There are too few translations from Turkish to English. Part of the politics of
representation that Turkey experiences internationally is that there is no archive of
translated literary or historical works to convey the complexity of its culture. Turkey
represents an important nexus of cultural crossings, but as long as its textual life
remains hidden away, Turkey will suffer the debilitating effects of distortion and
misrepresentation. Translation is the key to opening this vault. And translation is not
just about literature; it’s about the politics of representation. My goal is to link significant
texts in Turkish to readers in the Anglophone world. So, just as translation is
transformative, so too is the act of reading translations. I not only use my translations in
my courses, they become vehicles for the publication of other translations.

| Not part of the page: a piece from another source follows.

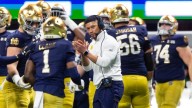 Miami vs. Notre Dame picks, odds: Proven model reveals free Week 1 college football predictions for Sunday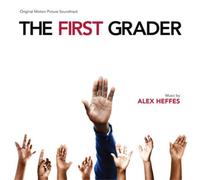 Alex Heffes The First Grader (CD) Album (Importación USA)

Both Pamuk’s My Name Is Red and Tanpınar’s A Mind at Peace were sent to translators
around the world and used as a template for translations into many other languages.
Publishers became interested in other works by these authors and by the untranslated
writers who influenced them and were influenced by them. Turkish and Middle Eastern
literature is still in a ghetto, with a dearth of critics, translators, and readers, but I believe
this is changing. Through the act of translation, I want to say: “Look, something really
fascinating has been happening here, in this part of the world, something that you might
learn from, that might even influence or change how you look at the world.”

Göknar, assistant professor of Turkish studies at Duke, is the award-winning translator of


Orhan Pamuk’s My Name Is Red, Atiq Rahimi’s Earth and Ashes, and Ahmet Hamdi
Tanpınar’s A Mind at Peace. He is, most recently, author of Orhan Pamuk, Secularism and
Blasphemy: The Politics of the Turkish Novel (Routledge 2013).